WORK ORDER: Your answer must be the data repeated exactly, with no pictures in it.

SUPPLIED INFORMATION Block Start

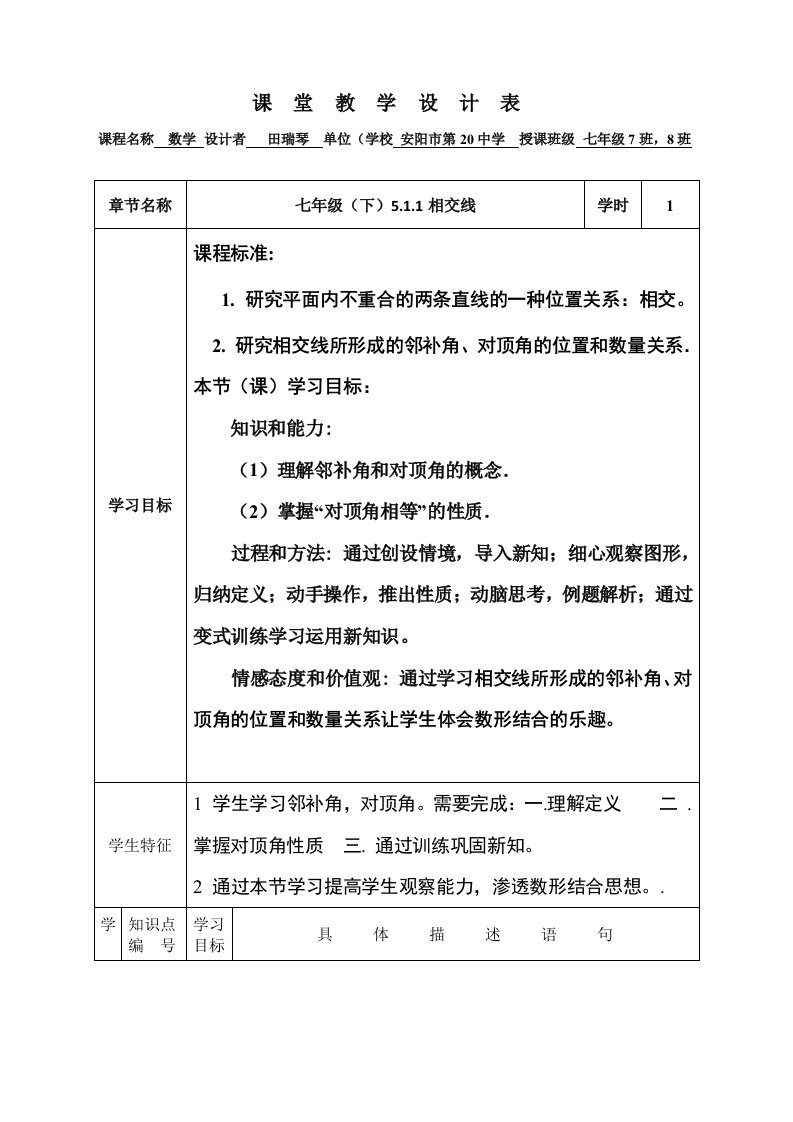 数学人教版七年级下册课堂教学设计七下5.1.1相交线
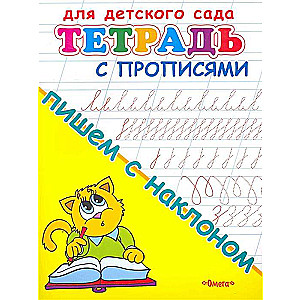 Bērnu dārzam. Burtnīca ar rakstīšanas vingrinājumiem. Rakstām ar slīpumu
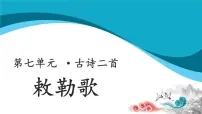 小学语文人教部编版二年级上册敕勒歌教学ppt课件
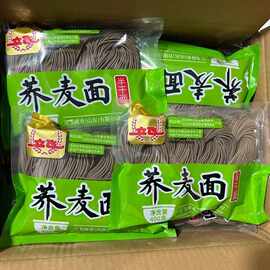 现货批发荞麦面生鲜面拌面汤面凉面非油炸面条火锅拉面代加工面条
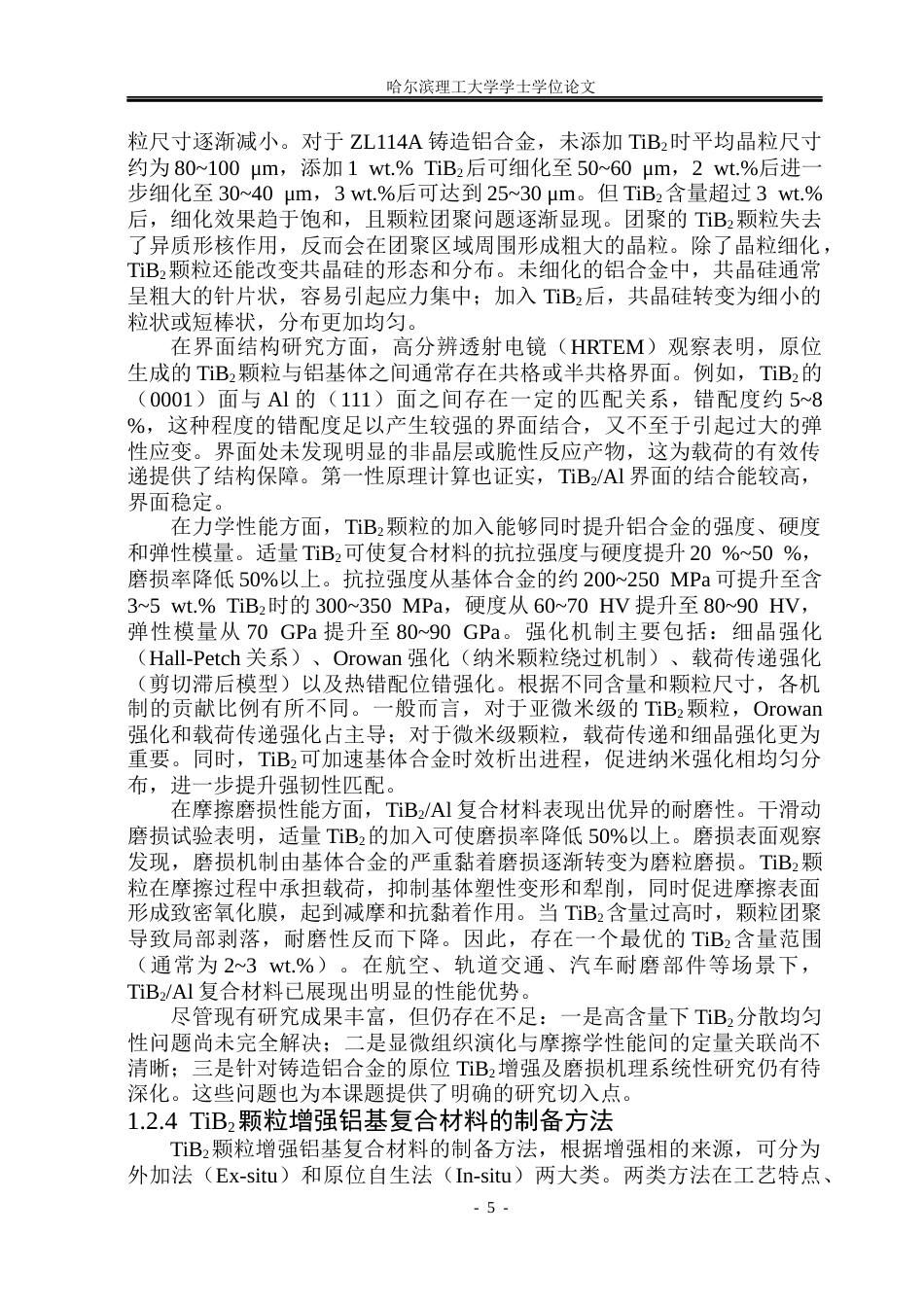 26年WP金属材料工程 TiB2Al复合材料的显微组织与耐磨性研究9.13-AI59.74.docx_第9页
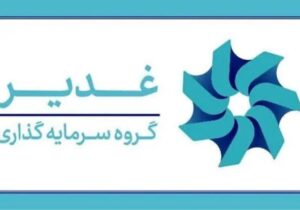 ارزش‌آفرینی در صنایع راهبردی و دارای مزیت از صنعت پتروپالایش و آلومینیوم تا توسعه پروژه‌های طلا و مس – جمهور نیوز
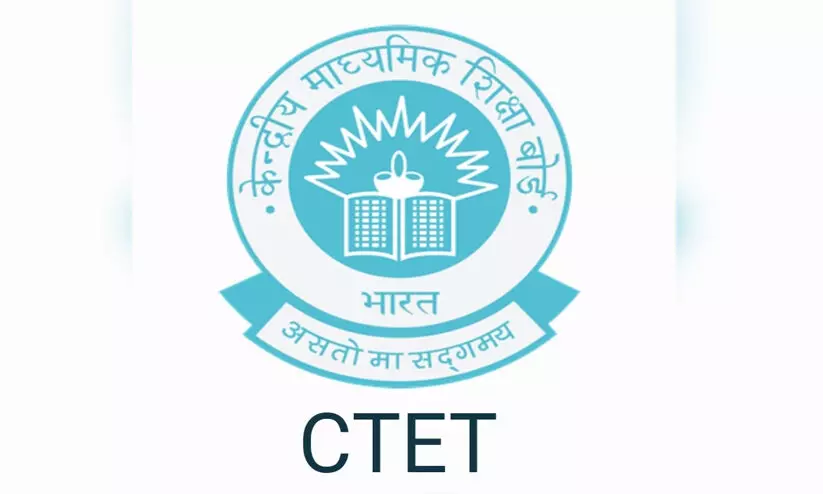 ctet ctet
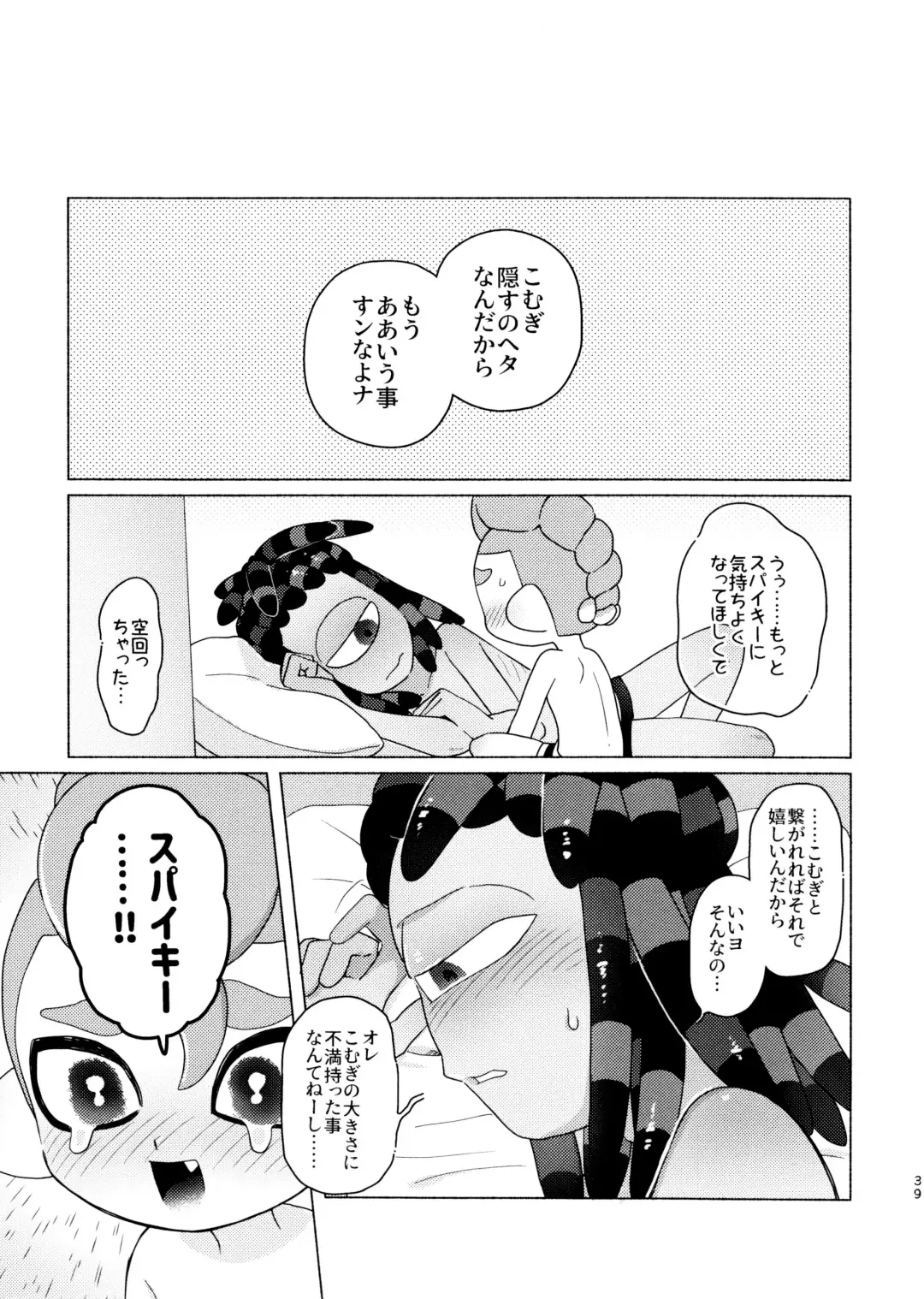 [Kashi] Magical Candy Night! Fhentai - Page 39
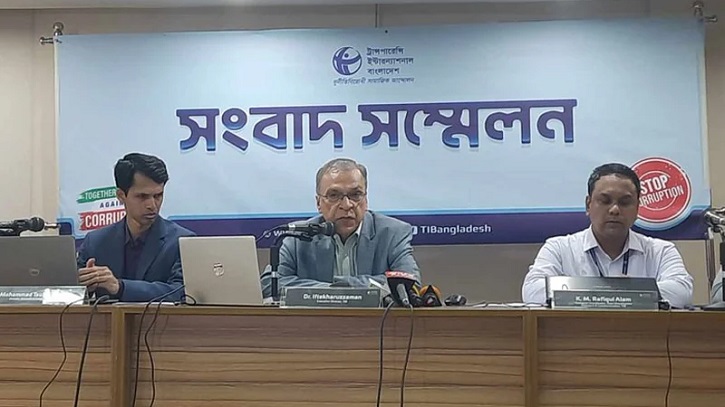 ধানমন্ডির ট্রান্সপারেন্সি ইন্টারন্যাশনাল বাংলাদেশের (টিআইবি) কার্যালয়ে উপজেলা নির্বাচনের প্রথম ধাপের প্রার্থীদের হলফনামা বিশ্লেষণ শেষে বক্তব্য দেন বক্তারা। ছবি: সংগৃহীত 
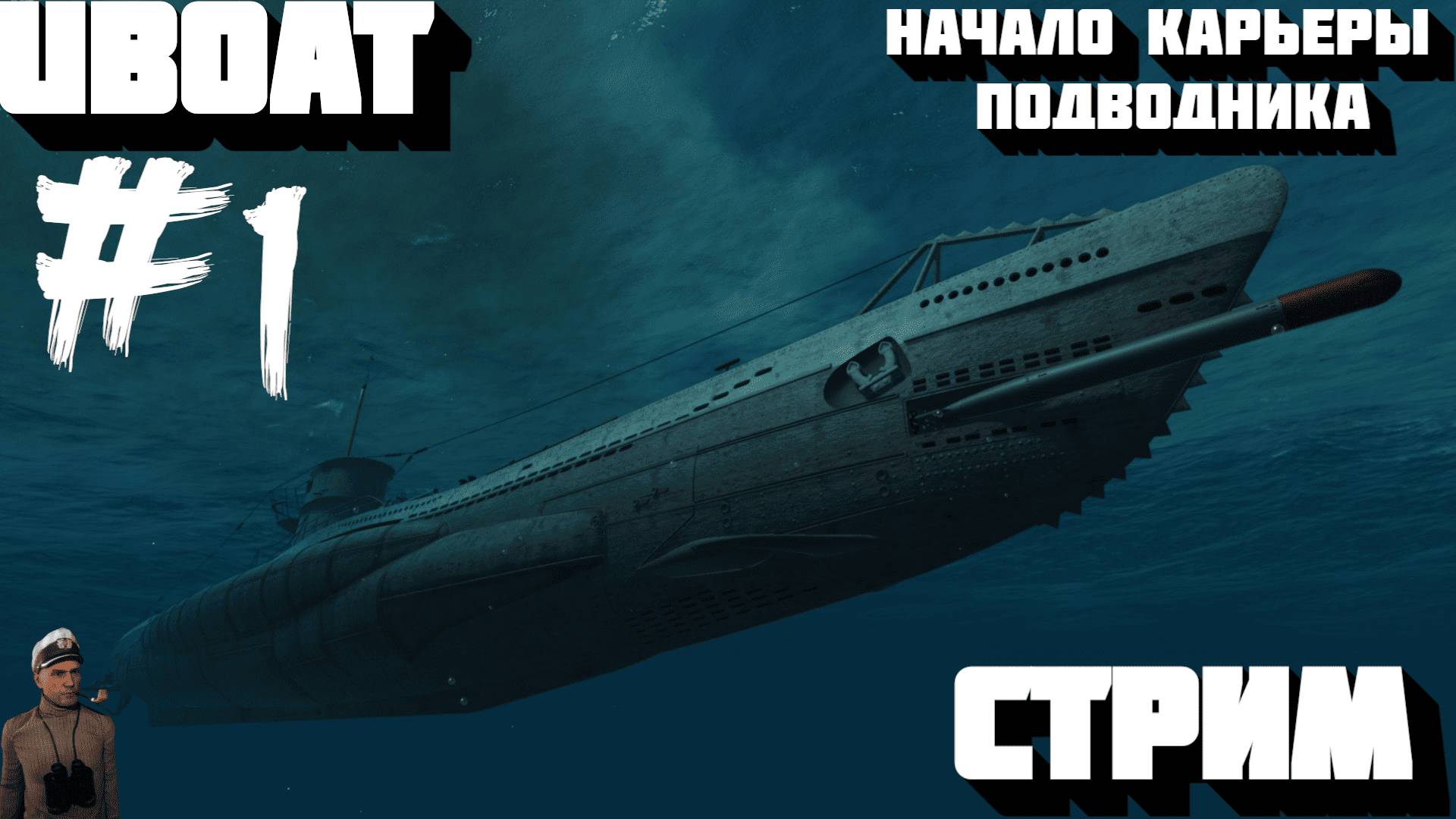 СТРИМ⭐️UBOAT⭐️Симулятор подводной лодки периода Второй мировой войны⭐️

SUPPLIED INFORMATION Block End

COMPLETED TASK:
 数学人教版七年级下册课堂教学设计七下5.1.1相交线
 Bērnu dārzam. Burtnīca ar rakstīšanas vingrinājumiem. Rakstām ar slīpumu
 小学语文人教部编版二年级上册敕勒歌教学ppt课件
 现货批发荞麦面生鲜面拌面汤面凉面非油炸面条火锅拉面代加工面条
 26年WP金属材料工程 TiB2Al复合材料的显微组织与耐磨性研究9.13-AI59.74.docx_第9页
 ارزش‌آفرینی در صنایع راهبردی و دارای مزیت از صنعت پتروپالایش و آلومینیوم تا توسعه پروژه‌های طلا و مس – جمهور نیوز
 ctet ctet
 [Kashi] Magical Candy Night! Fhentai - Page 39
 ধানমন্ডির ট্রান্সপারেন্সি ইন্টারন্যাশনাল বাংলাদেশের (টিআইবি) কার্যালয়ে উপজেলা নির্বাচনের প্রথম ধাপের প্রার্থীদের হলফনামা বিশ্লেষণ শেষে বক্তব্য দেন বক্তারা। ছবি: সংগৃহীত 
 СТРИМ⭐️UBOAT⭐️Симулятор подводной лодки периода Второй мировой войны⭐️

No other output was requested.